• YOUR OBJECTIVE: In the entries that follow, which lines hold the string "Chevrolet"? List them.

• DATA RECORDS:

════

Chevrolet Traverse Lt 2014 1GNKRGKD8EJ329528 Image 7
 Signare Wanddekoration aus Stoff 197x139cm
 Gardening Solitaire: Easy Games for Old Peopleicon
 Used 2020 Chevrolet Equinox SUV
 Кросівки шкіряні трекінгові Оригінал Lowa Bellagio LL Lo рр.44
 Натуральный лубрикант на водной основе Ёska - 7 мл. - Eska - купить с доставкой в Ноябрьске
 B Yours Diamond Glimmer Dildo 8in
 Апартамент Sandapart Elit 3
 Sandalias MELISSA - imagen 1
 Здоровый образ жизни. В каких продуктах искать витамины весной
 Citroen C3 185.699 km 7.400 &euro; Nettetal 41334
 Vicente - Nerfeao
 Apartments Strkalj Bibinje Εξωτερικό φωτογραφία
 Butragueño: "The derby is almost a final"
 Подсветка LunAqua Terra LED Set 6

════

• SOLUTION TO THE PROBLEM:
Chevrolet Traverse Lt 2014 1GNKRGKD8EJ329528 Image 7
 Used 2020 Chevrolet Equinox SUV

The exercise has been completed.